[[ Data in this exercise, beginning ]]

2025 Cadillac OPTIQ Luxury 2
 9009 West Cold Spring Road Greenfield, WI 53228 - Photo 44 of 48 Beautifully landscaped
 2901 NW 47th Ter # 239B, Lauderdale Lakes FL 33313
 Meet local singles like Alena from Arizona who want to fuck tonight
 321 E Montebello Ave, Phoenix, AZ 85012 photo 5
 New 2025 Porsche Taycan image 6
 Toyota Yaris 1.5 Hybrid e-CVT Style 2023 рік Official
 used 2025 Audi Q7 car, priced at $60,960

[[ Data in this exercise, end ]]

> **What you will do**:
The result should be the lines from the line with "Meet local singles" to the last line of the material, returned exactly and without any other line.

> **Response**:
 Meet local singles like Alena from Arizona who want to fuck tonight
 321 E Montebello Ave, Phoenix, AZ 85012 photo 5
 New 2025 Porsche Taycan image 6
 Toyota Yaris 1.5 Hybrid e-CVT Style 2023 рік Official
 used 2025 Audi Q7 car, priced at $60,960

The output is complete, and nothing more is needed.